Yale engineers are “shaping” the future of nanodevice manufacturing by developing nanoscale molds made from amorphous metals – a.k.a. bulk metallic glasses. Opening the door to mass nanofabrication processes, their work may also enable higher-density computer chips, faster microprocessors, better biosensors and more. Research is led by Jan Schroers, a professor of mechanical engineering in Yale’s School of Engineering and Applied Science. Reporting in the February 12 edition of Nature, Schroers says the “success and proliferation” of nanotechnology fabrication depends on “robust and durable master molds.”

Currently, however, most nanomolds are comprised of silicon or metal – two materials that offer significant mold-making limitations. For example, silicon molds can capture fairly fine detail, but they’re brittle and seldom last longer than 100 uses. Metal molds last longer, but the grains in their crystalline structures interfere with imprinting details on their surfaces. Where silicon and metal fail, however, bulk metallic glasses or “BMGs” succeed. Cooled rapidly, they don’t form crystal structures and, so, don’t have “grains” as metals do. “Although they seem solid,” Schroers says, “they are more like a very slow-flowing liquid that has no structure beyond the atomic level – making them ideal for molding fine details.” BMGs also have the “pliability of plastics at moderately elevated temperatures, but they are stronger and more resilient than steel or metals at normal working temperatures,” Schroers reports.

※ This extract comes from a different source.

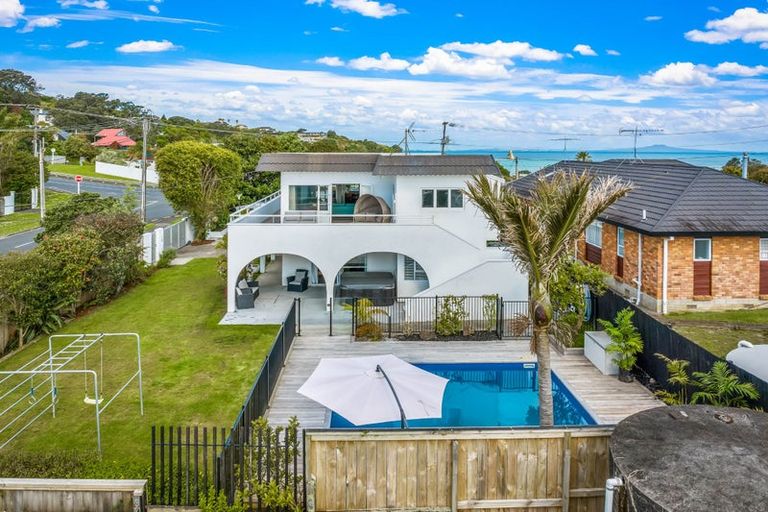 Photo of property in 2 Hardley Avenue, Tindalls Beach, Whangaparaoa, 0930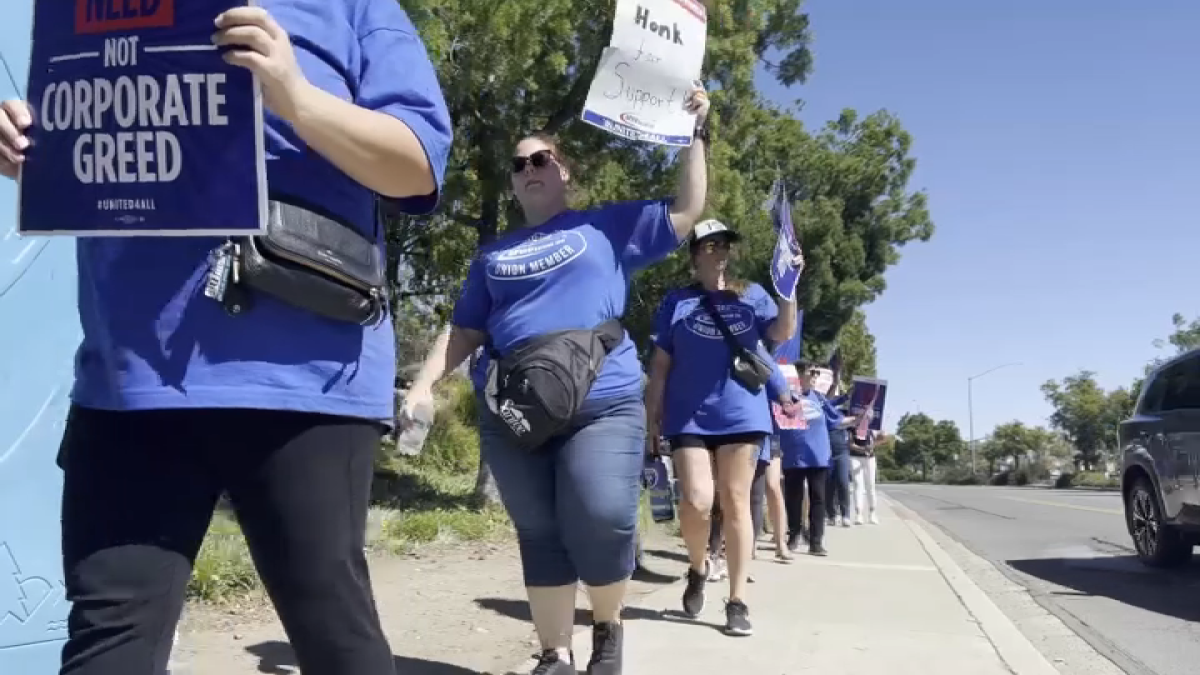 Day 2 of Kaiser strike San Diego health care workers return to picket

BMG molds can be  “can be used millions of times to pattern materials, including polymers like those used to make DVDs,” he says, noting the Yale team had used them to fabricate a range of three-dimensional microparts, including tweezers, gears, scalpels and more. He reports confronting only one major hurdle – finding a way to get material to release intact from a BMG mold. “Surfaces of liquid metals exhibit high surface tension and capillary effects that can interfere in the molding,” he explains. Golden Kumar, a postdoctoral team member, found the solution. “By altering the mold-BMG combination,” Kumar was able to “create surfaces so that the atoms take advantage of their favorable interaction with the mold – to both fill the mold and then release the product,” according to the Yale Bulletin. This solution reportedly has enabled the nano-patterning of details as small as 13 nanometers. Schroers believes even finer detail can be replicated in the future. “Theoretically,” he says “the size limit is the size of a single atom.”